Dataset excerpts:
--- START ---
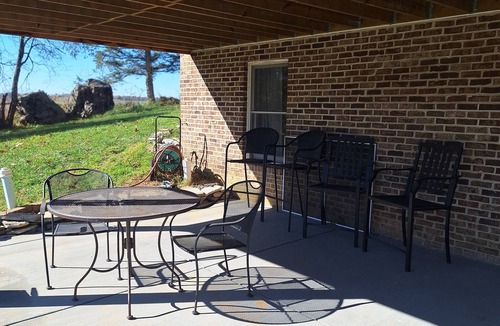 Harrisonburg Apartment | Rock Ridge View-1 bed apartment with fabulous view in Harrisonburg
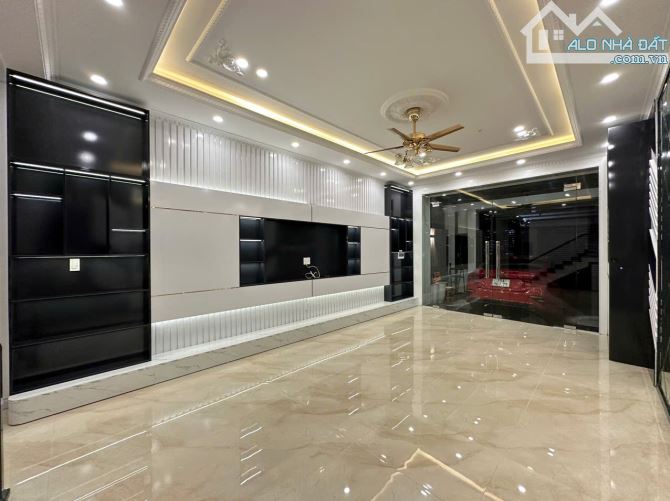 Bán nhà khu phân lô cao cấp Tuyến 2 Quán Nam 92m² x 5T Thang Máy ; MT: 4.6m - 11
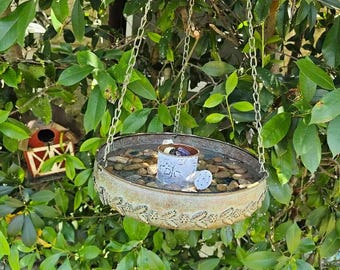 Mangiatoia per uccelli da appendere all'aperto, abbeveratoio in metallo per giardino, mangiatoia per uccelli da appendere per patio, cortile e terrazzo, stazione per uccelli rustica da esterno
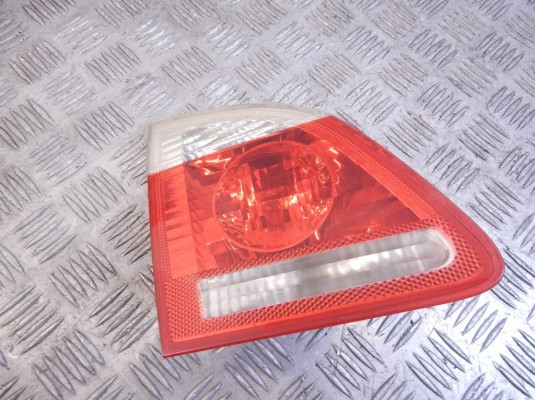 Фонарь крышки багажника левый BMW 5-series (E60/61) 63 21 6 925 893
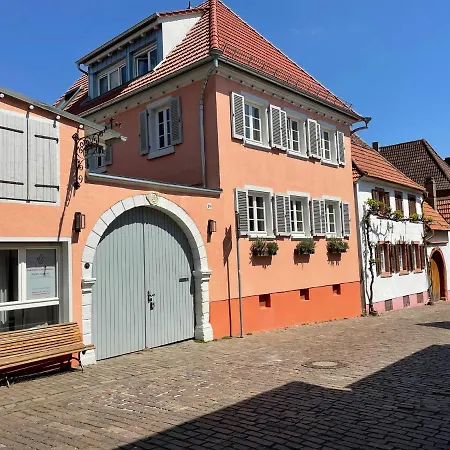 Refugium Theresienstrasse 19 - Vonnoh * Rhodt unter Rietburg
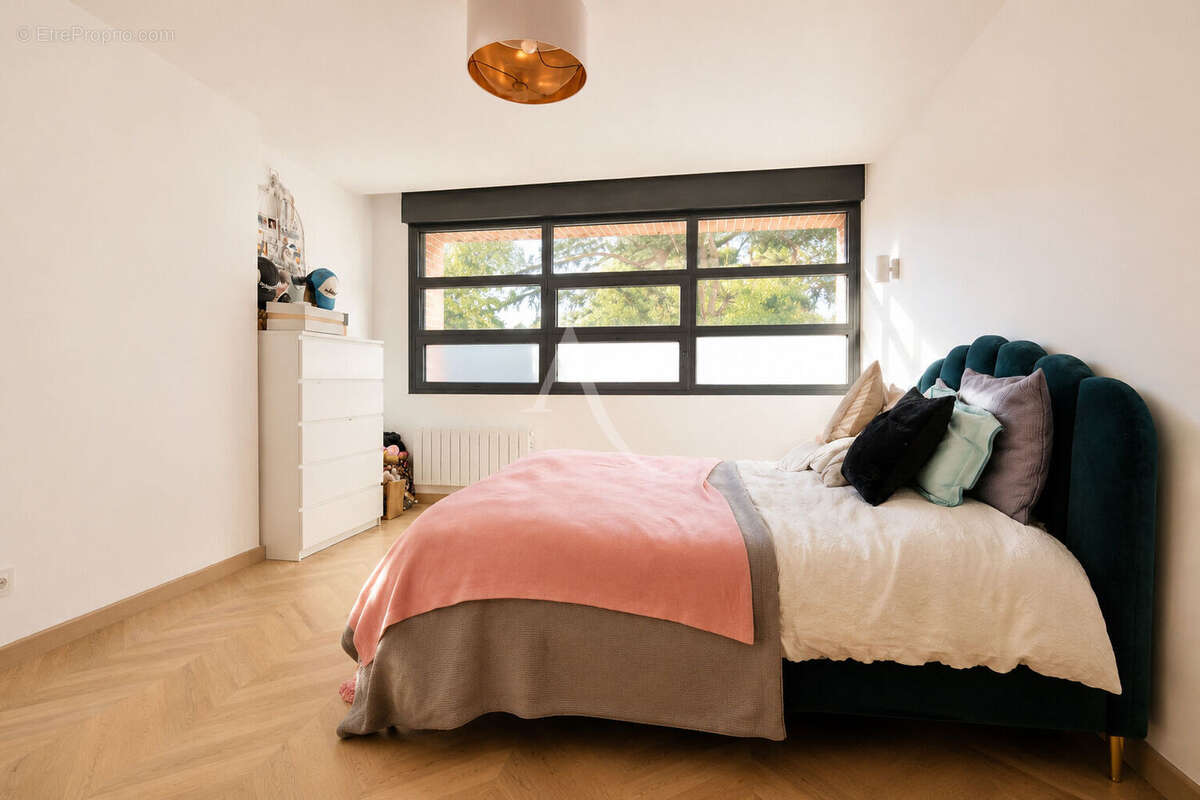 Appartement à NOGENT-SUR-MARNE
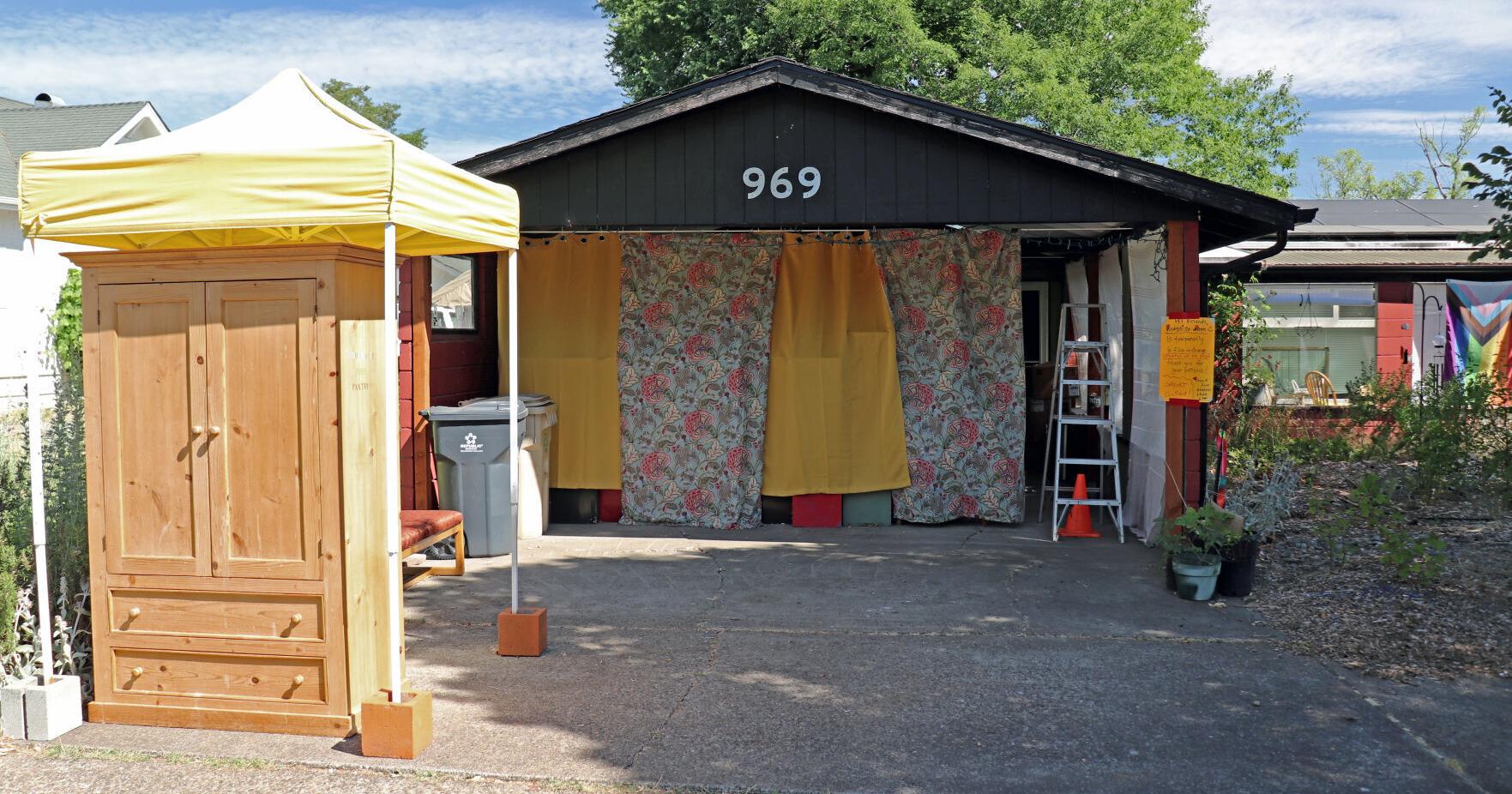 City eases up on Corvallis free pantry — for now - Vimarsana News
--- END ---
## What the exercise asks
Set down all the data again exactly as above, pictures excluded.

## Answer space
 Harrisonburg Apartment | Rock Ridge View-1 bed apartment with fabulous view in Harrisonburg
 Bán nhà khu phân lô cao cấp Tuyến 2 Quán Nam 92m² x 5T Thang Máy ; MT: 4.6m - 11
 Mangiatoia per uccelli da appendere all'aperto, abbeveratoio in metallo per giardino, mangiatoia per uccelli da appendere per patio, cortile e terrazzo, stazione per uccelli rustica da esterno
 Фонарь крышки багажника левый BMW 5-series (E60/61) 63 21 6 925 893
 Refugium Theresienstrasse 19 - Vonnoh * Rhodt unter Rietburg
 Appartement à NOGENT-SUR-MARNE
 City eases up on Corvallis free pantry — for now - Vimarsana News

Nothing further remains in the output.